Thursday, September 10, 2009

Midterm Study Image 2009/8 Roman Lead Glazed

Rome, Three vessels, lead glaze, mold-made with relief, 1 c. BCE-1 c CE

Three Roman vessels, all with vitreous glaze. Double-handled cup with applied scales CE 20-70, said to be from Arles, France; Double-handled vase c. CE 70-100, said to be from Tharros; singled-handled cup decorated with imbricated leaves, from Asia Minor, 1st. C CE. Height (tallest) 17.5 cm.

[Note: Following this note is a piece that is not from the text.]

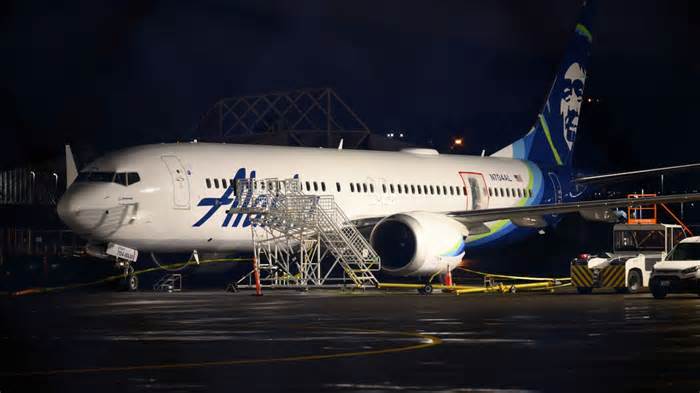 A plastic sheet covers an area of the fuselage of the Alaska Airlines N704AL Boeing 737 MAX 9 aircraft outside a hangar at Portland International Airport on January 8, 2024 in Portland, Oregon. NTSB investigators are continuing their inspection on the Alaska Airlines N704AL Boeing 737 MAX 9 aircraft following a midair fuselage blowout on Friday, January 5. None of the 171 passengers and six crew members were seriously injured.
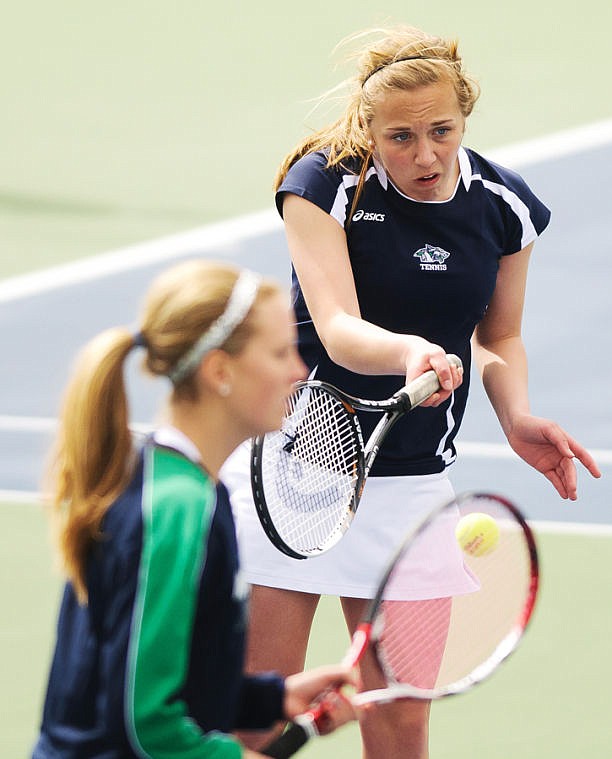 &lt;p&gt;Glacier's Molly Wright (behind) returns a serve Saturday afternoon during a doubles match with her teammate Ingrid Ericksen at the Kalispell Invitational at Flathead Valley Community College. (Patrick Cote/Daily Inter Lake)&lt;/p&gt;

Such wares were regarded as luxury items. (note differences in place of origin, date)This form of drinking cup, with deep body and ring handles with thumb-rests, is known as a skyphos. It was a popular shape, made in metal, pottery and glass during the later Hellenistic and early Roman periods (about 150 BC- AD 100). The cup is covered by a thick glaze of lead silicate glass, which firing conditions turned a deep rich green on the exterior, and honey brown on the interior. The process of producing and firing such vessels was complicated by the adhesive nature of the glaze, which would bond itself to anything it touched in the kiln. The solution lay in firing the vessels upside-down, supported from the inside by three small prongs on a tall stand. The marks left on the interior are small, but drops of congealed glaze which formed when the vessel was inverted appear on the rim. Lead-glazed pottery was one of the few genuinely glazed ceramics of antiquity. At first they were almost certainly made in imitation of metal tableware. The earliest mass-produced and mould-made lead-glazed wares were made in Tarsus, Smyrna and other cities in Asia Minor from the late second century BC. From the late first century BC production centres were established in Italy, in the northern Adriatic and around Rome and Naples. From there the technique was exported to the Empire, from the Danube provinces to Gaul, Germany and Britain. Height: 7 cm ; Restoration can be highly deceptive. At first sight and even under careful scrutiny, this drinking vessel appears entirely preserved. However, under low magnification using a microscope, brush marks are visible on the handles. Under ultraviolet (UV) light, the two handles fluoresce a bright, light blue, showing that they had been painted, whereas the rest of the vessel was glazed. The paint indicates that the handles had been restored. It is not possible to tell from visual examination whether the handles are completely restored or if they are partly restored with heavy over-painting. This seems to be an example of intentional faking. However, the appearance of the handles is thought to be representative of how they may have originally looked. Since the restoration was not causing any damage to the pottery it was not removed. S. Buys and V. Oakley, The conservation and restoration of ceramics (Oxford, Butterworth Heinemann, 1993).